Esta CA pode merecer críticas. Apresento duas: a proposta de pausa não é operacionalmente viável a nível global e parece ser só um desejo sem consequências práticas; e podem ser levantadas dúvidas, eventualmente injustas, sobre eventuais intuitos comerciais escondidos. A história da evolução das técnicas permite, contudo, prever que o processo de investigação e desenvolvimento em IA não deverá ficar comprometido, pois há interesses suficientemente fortes no desenvolvimento e nas aplicações. Há um pseudodeterminismo justificatório socialmente muito eficaz. O entusiasmo dos que estão associados a aplicações comerciais e industriais é bem patente e a futura adaptação dos humanos não surpreenderá.
Contudo, a reflexão sobre o ChatGPT é positiva. Uma lista recente incluía cerca 60 actividades profissionais que poderão ser afectadas. Os mais optimistas dizem que sempre desapareceram e se criaram actividades profissionais. O passado ensina-nos muito, mas não tudo sobre o futuro. Depois de os humanos terem sido ultrapassados na força e na energia, confrontam-se agora com uma superação nova: a capacidade intelectual de conhecimento e decisão. Esta superação será útil na resolução de problemas relevantes, mas pode ter potenciais efeitos negativos caso não seja um instrumento sob controlo humano adequado.
O ChatGPT e seus sucessores colocam um desafio sobre o que é autoria: pode esse algoritmo ser um autor como um humano é escritor ou pintor? Este é um dos aspectos relevantes. Será prudente uma subordinação ou submissão humana conducente a um desempoderamento intelectual progressivo, a uma perda de conhecimentos teóricos e a uma desqualificação no trabalho? Com ameaças éticas já conhecidas na privacidade e vigilância, possibilidade acrescida de fraude, confusão sobre a realidade, a responsabilidade e a verdade.

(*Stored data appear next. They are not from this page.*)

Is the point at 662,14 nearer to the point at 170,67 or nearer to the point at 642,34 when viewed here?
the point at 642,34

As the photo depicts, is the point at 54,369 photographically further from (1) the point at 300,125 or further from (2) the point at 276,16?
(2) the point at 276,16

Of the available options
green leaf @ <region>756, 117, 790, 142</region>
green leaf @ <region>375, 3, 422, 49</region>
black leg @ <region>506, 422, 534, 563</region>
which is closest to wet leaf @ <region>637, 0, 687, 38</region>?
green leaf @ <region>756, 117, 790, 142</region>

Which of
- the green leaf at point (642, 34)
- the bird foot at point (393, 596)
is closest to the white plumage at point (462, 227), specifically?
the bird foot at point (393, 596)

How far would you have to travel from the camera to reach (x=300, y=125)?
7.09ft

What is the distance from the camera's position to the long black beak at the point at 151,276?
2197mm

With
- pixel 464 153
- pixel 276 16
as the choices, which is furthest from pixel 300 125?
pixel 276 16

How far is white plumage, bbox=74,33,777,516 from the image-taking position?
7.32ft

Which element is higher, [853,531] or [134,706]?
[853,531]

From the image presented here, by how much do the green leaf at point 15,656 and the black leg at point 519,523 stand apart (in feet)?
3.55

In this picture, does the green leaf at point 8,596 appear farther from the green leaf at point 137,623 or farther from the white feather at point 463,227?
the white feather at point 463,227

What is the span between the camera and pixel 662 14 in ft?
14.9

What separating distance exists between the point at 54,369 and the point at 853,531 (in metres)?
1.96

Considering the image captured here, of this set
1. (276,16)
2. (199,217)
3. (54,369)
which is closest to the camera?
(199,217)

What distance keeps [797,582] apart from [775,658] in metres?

Invocar a vantagem do progresso técnico dos últimos 200 anos para colocar em causa uma regulação que poderia prejudicar o desenvolvimento destas novas tecnologias não nos parece acertado: os efeitos negativos do referido progresso nos ecossistemas, no clima e na segurança ambiental devem suscitar a nossa prudência e o controlo ético desse novo desenvolvimento para tentar evitar, desta vez, uma crise grave na sociedade humana.

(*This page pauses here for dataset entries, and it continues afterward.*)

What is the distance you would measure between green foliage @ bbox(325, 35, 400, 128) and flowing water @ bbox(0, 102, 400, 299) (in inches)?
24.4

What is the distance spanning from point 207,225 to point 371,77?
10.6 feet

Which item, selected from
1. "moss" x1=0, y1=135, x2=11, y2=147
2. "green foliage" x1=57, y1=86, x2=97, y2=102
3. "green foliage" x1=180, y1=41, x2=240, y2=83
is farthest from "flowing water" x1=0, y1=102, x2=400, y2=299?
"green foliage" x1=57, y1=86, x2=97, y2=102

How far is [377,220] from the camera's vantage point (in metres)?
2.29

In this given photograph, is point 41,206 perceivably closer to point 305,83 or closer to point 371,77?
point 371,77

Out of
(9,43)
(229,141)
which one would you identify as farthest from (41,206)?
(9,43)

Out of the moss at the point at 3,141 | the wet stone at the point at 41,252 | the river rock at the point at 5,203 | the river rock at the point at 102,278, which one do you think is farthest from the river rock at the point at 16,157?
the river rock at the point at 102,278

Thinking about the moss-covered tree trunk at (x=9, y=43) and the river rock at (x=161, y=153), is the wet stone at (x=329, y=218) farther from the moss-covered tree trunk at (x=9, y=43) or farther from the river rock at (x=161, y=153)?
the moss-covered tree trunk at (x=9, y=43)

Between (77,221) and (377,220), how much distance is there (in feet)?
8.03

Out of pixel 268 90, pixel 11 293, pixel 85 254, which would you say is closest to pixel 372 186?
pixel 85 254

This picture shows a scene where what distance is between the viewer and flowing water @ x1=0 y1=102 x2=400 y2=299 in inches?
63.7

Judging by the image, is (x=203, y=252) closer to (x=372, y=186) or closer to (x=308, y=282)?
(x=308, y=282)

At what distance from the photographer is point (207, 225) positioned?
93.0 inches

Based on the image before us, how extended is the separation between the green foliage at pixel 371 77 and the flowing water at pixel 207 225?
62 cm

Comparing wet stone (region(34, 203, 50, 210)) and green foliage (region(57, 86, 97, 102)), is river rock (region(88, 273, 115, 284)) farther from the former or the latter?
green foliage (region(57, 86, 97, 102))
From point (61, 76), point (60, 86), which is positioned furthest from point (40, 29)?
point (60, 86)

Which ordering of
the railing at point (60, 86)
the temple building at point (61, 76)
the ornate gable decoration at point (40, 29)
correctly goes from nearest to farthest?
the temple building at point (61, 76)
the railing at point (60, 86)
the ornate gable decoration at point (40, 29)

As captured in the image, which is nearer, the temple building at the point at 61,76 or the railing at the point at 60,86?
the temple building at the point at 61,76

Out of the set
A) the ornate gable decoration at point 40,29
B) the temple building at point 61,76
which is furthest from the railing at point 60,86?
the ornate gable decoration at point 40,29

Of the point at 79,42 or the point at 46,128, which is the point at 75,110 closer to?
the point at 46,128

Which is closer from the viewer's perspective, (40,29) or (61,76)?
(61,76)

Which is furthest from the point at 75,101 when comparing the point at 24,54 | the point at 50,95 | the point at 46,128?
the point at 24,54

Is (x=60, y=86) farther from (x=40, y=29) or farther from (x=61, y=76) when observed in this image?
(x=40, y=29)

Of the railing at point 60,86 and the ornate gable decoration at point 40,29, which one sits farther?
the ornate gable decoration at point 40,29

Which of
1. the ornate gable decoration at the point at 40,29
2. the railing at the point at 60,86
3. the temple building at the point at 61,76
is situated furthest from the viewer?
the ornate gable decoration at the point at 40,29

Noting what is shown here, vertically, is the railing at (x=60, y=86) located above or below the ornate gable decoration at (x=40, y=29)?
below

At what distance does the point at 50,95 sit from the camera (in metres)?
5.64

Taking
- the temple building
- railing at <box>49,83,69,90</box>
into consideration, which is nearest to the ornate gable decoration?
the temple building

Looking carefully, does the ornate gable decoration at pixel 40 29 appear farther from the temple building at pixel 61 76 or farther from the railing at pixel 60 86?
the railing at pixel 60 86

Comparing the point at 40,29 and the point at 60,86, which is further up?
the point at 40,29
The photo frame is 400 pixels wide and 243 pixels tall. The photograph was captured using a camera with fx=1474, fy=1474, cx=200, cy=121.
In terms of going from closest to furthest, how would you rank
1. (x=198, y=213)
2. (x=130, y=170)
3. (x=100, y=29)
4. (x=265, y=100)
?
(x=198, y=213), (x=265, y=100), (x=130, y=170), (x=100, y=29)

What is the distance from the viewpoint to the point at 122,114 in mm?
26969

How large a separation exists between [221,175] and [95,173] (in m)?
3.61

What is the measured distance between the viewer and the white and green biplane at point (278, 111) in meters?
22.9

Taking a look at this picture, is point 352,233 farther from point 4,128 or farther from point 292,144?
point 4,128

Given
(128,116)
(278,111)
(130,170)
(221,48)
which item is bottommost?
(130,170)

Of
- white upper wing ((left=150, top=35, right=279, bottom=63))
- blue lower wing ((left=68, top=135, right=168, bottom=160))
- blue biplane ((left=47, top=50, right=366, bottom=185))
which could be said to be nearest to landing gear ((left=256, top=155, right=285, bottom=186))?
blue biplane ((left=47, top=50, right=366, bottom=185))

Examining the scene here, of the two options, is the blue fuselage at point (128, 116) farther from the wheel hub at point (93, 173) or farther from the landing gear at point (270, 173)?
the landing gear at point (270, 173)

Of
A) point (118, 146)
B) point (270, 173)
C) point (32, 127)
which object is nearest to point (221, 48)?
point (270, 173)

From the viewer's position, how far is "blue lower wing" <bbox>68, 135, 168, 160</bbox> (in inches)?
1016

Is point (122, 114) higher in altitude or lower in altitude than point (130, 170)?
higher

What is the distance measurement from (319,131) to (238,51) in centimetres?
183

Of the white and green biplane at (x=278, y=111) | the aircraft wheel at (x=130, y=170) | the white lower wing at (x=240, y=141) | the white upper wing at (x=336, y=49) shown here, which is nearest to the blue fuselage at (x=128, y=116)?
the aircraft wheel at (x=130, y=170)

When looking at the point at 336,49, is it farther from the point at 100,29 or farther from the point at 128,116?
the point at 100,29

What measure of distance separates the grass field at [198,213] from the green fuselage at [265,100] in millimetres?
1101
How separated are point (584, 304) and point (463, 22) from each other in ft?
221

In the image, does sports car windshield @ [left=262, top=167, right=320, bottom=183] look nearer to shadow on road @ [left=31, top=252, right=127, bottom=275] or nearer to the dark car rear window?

Tentar identificar um texto produzido artificialmente poderá vir a ser uma técnica de autodefesa pessoal. Podemos desafiar os leitores: poderia um dos parágrafos deste texto ter sido produzido pelo ChatGPT? Se a resposta for afirmativa como é que tal se revelou? Se for negativa não fiquem por agora preocupados. Uma sugestão de leitura: o livro Inteligência Artificial 2041, de Kai-Fu Lee e Chen Qiufan, acabado de ser editado em Portugal.